= Ivers Riley =

Financial expert (1932–2015)

Ivers Whitman Riley (September 28, 1932 in Los Angeles, California – February 17, 2015 in Savannah, Georgia) was Chairman of the International Securities Exchange from 2002 to 2006, as well as Chief Executive of the Hong Kong Futures Exchange from 1994 to 1997 and again from 1999 to 2000. He has been recognized as a driving force behind the development of SPDR funds and in 2005 he was inducted into the Futures Industry Hall of Fame.

== Background ==

Ivers Riley graduated from The University of California, Los Angeles in 1955 with a Bachelor of Science degree in finance. In 1986, Riley attended the six-week Advanced Management Program at Harvard Business School.

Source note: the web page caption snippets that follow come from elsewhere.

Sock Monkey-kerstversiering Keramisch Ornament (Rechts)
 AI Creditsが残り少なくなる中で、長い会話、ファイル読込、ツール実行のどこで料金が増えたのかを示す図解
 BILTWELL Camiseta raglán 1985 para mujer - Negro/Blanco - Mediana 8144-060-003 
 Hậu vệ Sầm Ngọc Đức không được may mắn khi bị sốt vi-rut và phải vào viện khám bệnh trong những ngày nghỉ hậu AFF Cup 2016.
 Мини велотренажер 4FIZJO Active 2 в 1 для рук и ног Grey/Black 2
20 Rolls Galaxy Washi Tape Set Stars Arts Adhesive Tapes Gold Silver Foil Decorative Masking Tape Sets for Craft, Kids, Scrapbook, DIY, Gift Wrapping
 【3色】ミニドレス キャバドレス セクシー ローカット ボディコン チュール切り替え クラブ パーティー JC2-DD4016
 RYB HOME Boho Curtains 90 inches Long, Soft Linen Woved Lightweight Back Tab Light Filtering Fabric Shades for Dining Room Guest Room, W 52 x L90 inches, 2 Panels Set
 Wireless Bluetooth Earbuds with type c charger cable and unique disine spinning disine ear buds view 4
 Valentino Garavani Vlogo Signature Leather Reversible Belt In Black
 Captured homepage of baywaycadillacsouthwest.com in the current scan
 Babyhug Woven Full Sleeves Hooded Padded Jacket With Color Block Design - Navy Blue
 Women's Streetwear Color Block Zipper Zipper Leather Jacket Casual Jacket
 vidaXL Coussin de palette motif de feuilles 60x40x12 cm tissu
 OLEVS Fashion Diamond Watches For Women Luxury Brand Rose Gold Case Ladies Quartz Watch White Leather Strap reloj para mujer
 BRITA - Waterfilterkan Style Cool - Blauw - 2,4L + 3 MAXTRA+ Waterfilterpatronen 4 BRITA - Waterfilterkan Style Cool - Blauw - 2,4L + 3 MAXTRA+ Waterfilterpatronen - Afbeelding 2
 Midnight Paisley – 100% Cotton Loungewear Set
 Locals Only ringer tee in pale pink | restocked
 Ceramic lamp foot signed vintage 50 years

He was Executive Vice President of the New York Stock Exchange from 1983 to 1986. From 1987 to 1993, Riley was Senior Executive Vice President in charge of all derivatives activity at the American Stock Exchange, where he helped coordinate a plan to attract trading of SPDR funds. From 1994 to 1997 and again from 1999 to 2000, Riley was Chief Executive of the Hong Kong Futures Exchange and Charmain of the Hong Kong Futures Exchange Clearing Corporation. From 2002 to 2006 he was Chairman of the International Securities Exchange.